George William Russell (AE) (1867-1935)

Born 1867, Lurgan, Ireland. Died 1935, Bournemouth, England. Russell was born in Lurgan, County Armagh on 10 April 1867, moving to Dublin with his family when he was eleven. In 1890, he started work at Pym’s store in Dublin. For many years, beginning in 1897, he worked full-time for Sir Horace Plunkett’s Irish Agricultural Organisation Society, a co-operative movement. He began as a ‘missionary’, travelling extensively throughout Ireland convincing farmers of the benefit of developing credit societies and co-operative banks. He became editor first of The Irish Homestead, and later of its successor, The Irish Statesman, where he published Patrick Kavanagh’s early poems, until it ceased publication in 1930. After leaving school in 1884, Russell went to Dublin’s Metropolitan School of Art where he first met W.B.Yeats, who became his friend and later his rival. In that year too Russell suddenly began to experience waking dreams of astonishing power and vividness which seemed to be thrust into his consciousness by a mind which was not his. A.E.‘s and Yeats’s interests in these visions led both to Madame Blavatsky’s Theosophical Movement, with A.E. later joining the Dublin group. Russell was one of the major writers in the Irish Literary Renaissance.

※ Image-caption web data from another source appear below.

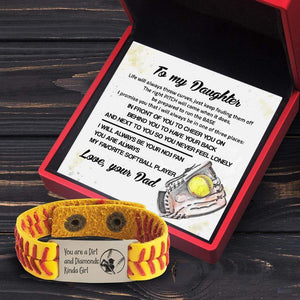Softball Bracelet - Softball - To My Daughter - From Dad - My Favorite Softball Player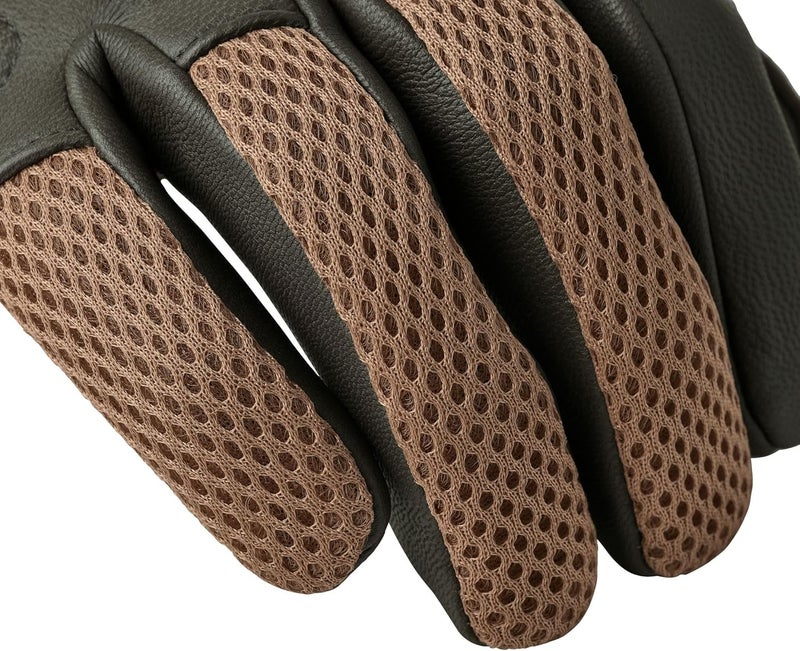 Badlands Leather Shooting Gloves - Durable Hand Protection for Hunters & Shooters Needing Grip During Long Range Sessions - Image 2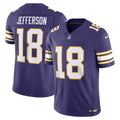 Justin Jefferson Minnesota Vikings Alternate Classic Vapor F.U.S.E. Stitched Limited Jersey - Purple
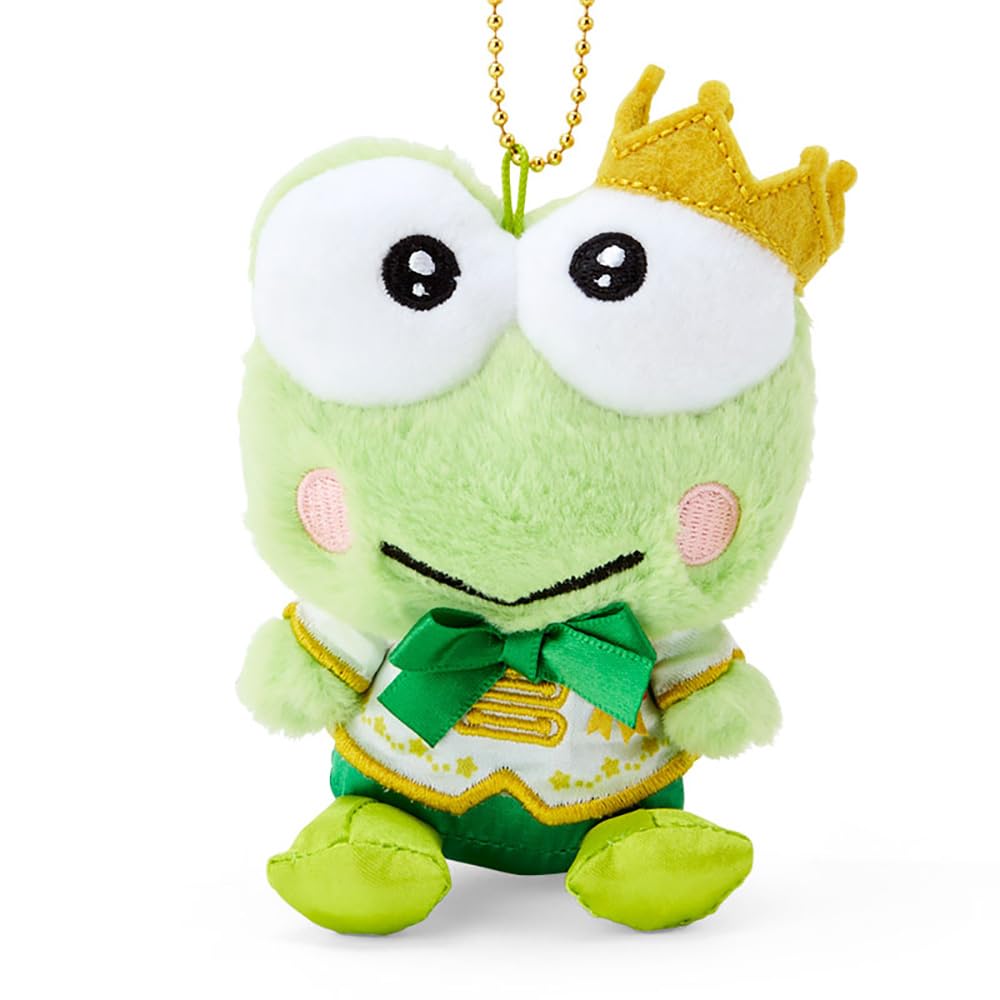 Sanrio Kerokerokeroppi Mascot Holder My No. 1 Green Plushy Toy- Japan Figure Store - #1 Bring To You The Best Japanese Goods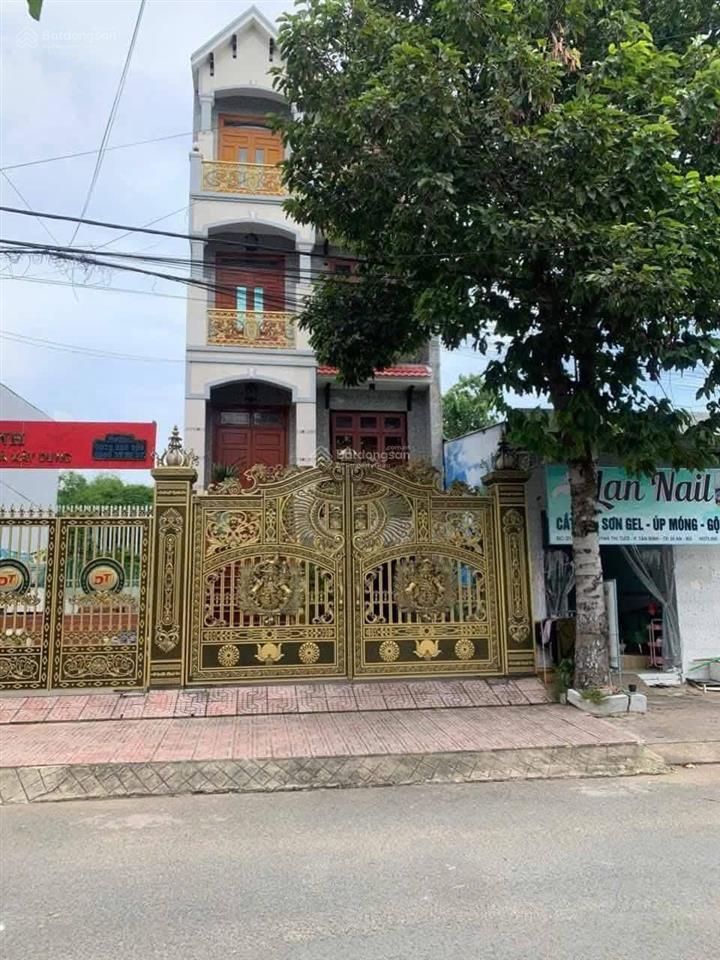 Bán nhà kdc bicosi tân bình dĩ an có hầm để ô tô mặt tiền kinh doanh buôn bán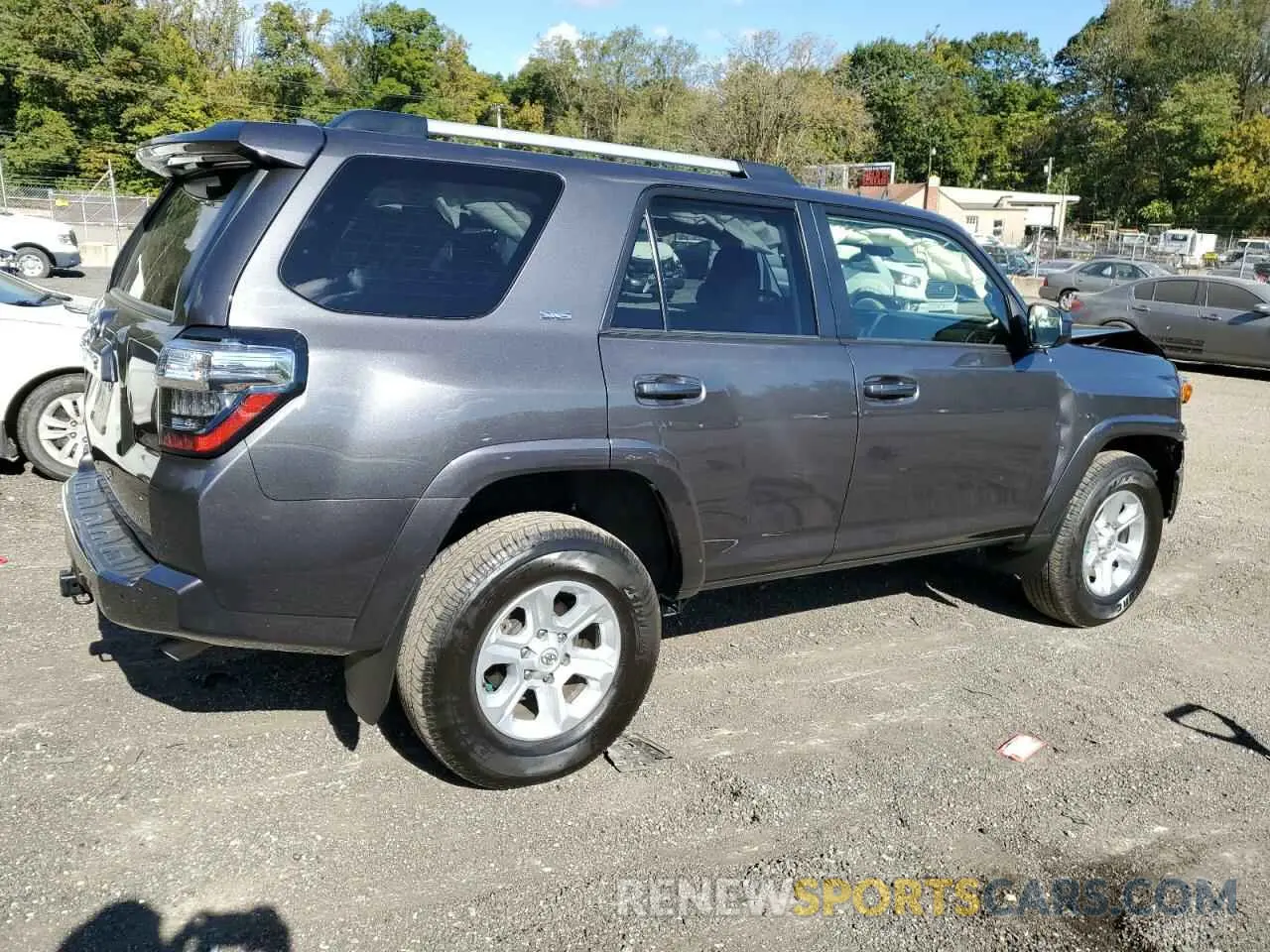 3 fotografías del automóvil dañado JTEMU5JRXP6128510 TOYOTA 4RUNNER SE 2023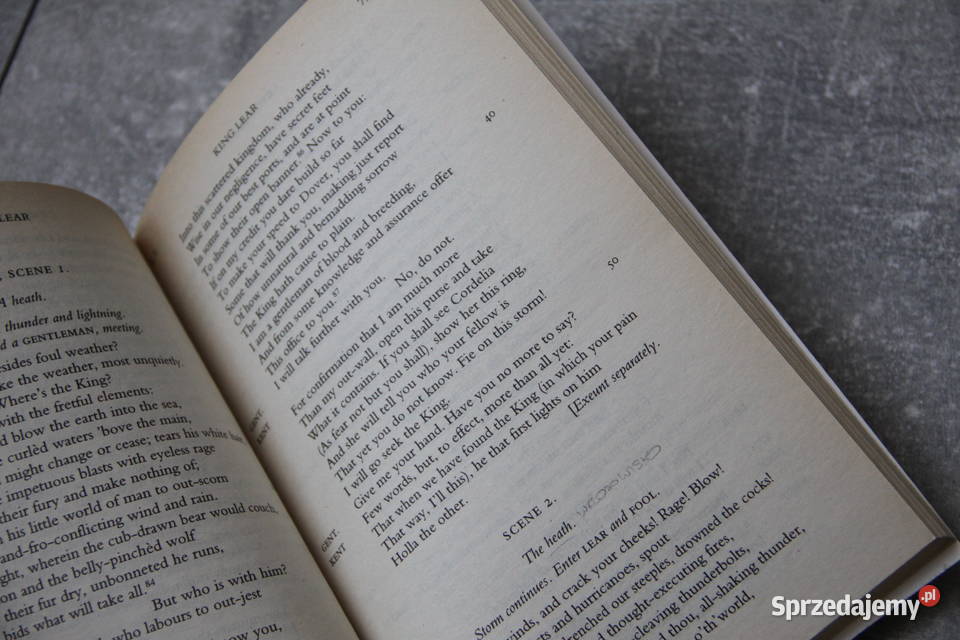 Shakespeare William KING LEAR completeunabridged Chorzów sprzedam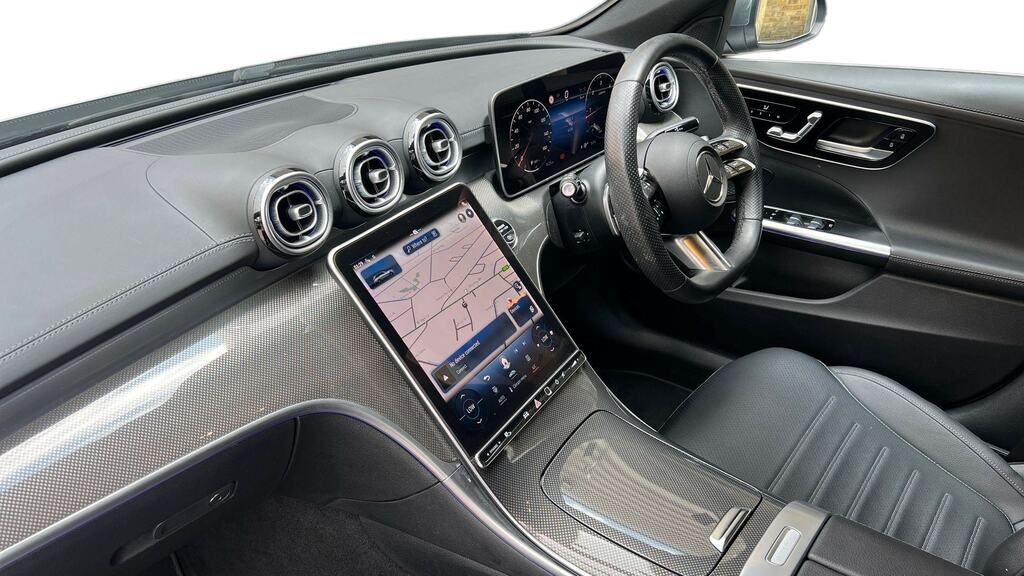 Mercedes-Benz C Class C300 Amg Line Premium Plus 9G-tronic Silver #8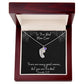 Engraved Baby Feet Necklace with Birthstones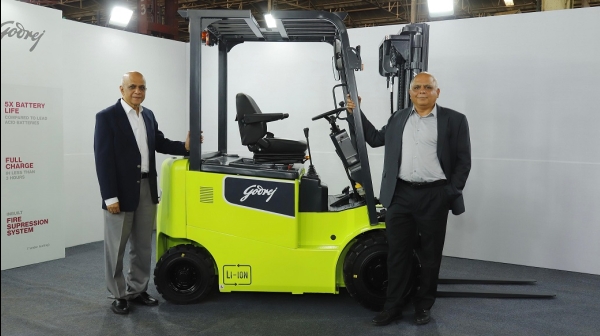 Godrej & Boyce Launches Made in India Electric Forklift Truck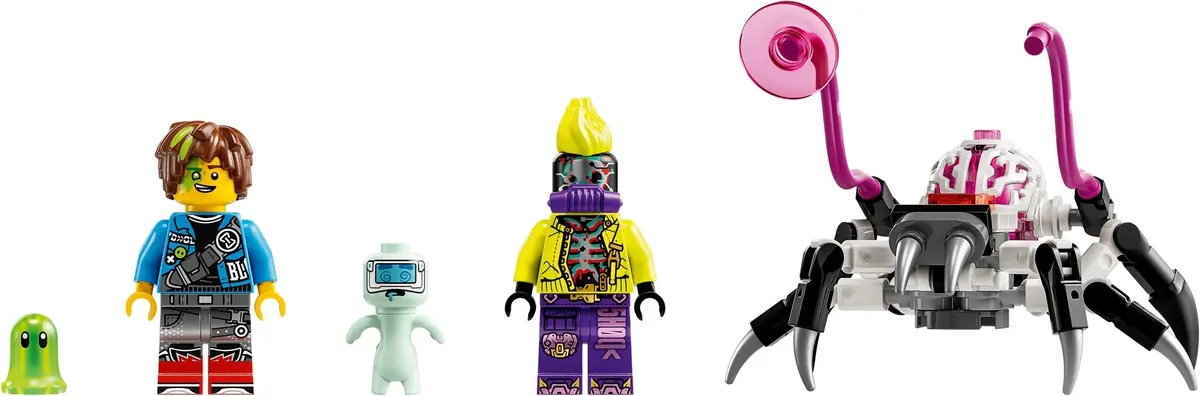 LEGO Dreamzzz 71491 Mateo and the Z-Blob Action Race Car set, image 8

Among his poetry collections are Homeward: Songs by the Way (1894); The Earth Breath (1897); The Divine Vision (1904); Collected Poems (London, MacMillan, 1913/New York, John Lane, 1916); Salutation (1917) The House of the Titans (1934); and Selected Poems (1935). His mystical writings include The Candle of Vision (1918); The Avatars (1933); The Interpreters (1922); and Song and its Fountains (1932). Russell was principally a painter of landscapes with figures, and of wonderful beings who might be incorporated into the landscapes, or be the dominant features on the canvas, often with amazed mortals observing them. This fluency, and habit of moving from one canvas to a new one to capture a new image meant that his pictures were often left unfinished, and as a result many of them are not as good as he could have made them. Those he did complete are often outstanding. He used the pseudonym AE, or more properly “Æ” This derived from an earlier “Æ‘on” signifying the lifelong quest of man, subsequently shortened. He died on July 17, 1935, in Bournemouth, England. He is buried in Dublin.